■ **Directions**: All that is wanted is the exact text of the lines below from the one with "Sideboard with 4" through the one with "Lake Travis webcam, January", inclusive, minus any pictures.

[[ Material provided open ]]

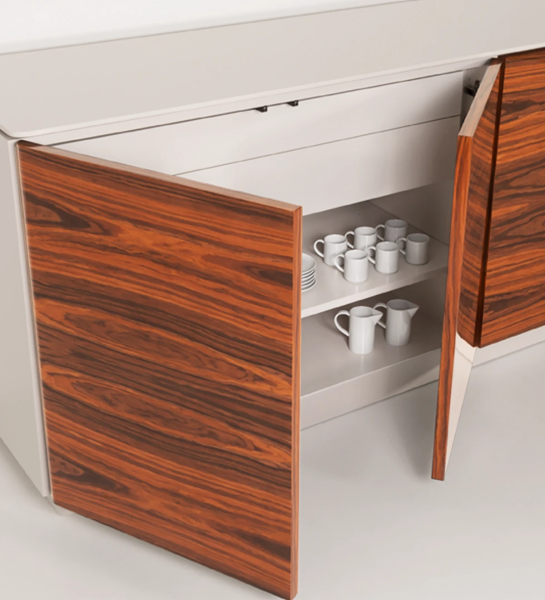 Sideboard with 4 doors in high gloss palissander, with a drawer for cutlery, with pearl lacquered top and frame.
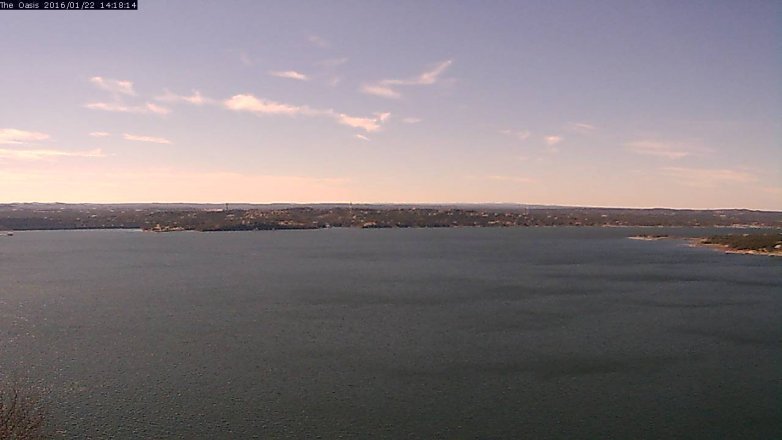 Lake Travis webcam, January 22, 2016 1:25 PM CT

[[ Material provided closed ]]
[[ Material provided open ]]

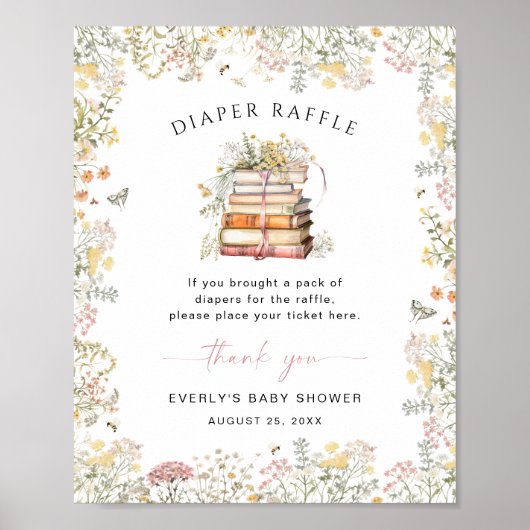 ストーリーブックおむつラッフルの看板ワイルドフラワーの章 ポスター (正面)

[[ Material provided closed ]]

■ **Output of the task**:
 Sideboard with 4 doors in high gloss palissander, with a drawer for cutlery, with pearl lacquered top and frame.
 Lake Travis webcam, January 22, 2016 1:25 PM CT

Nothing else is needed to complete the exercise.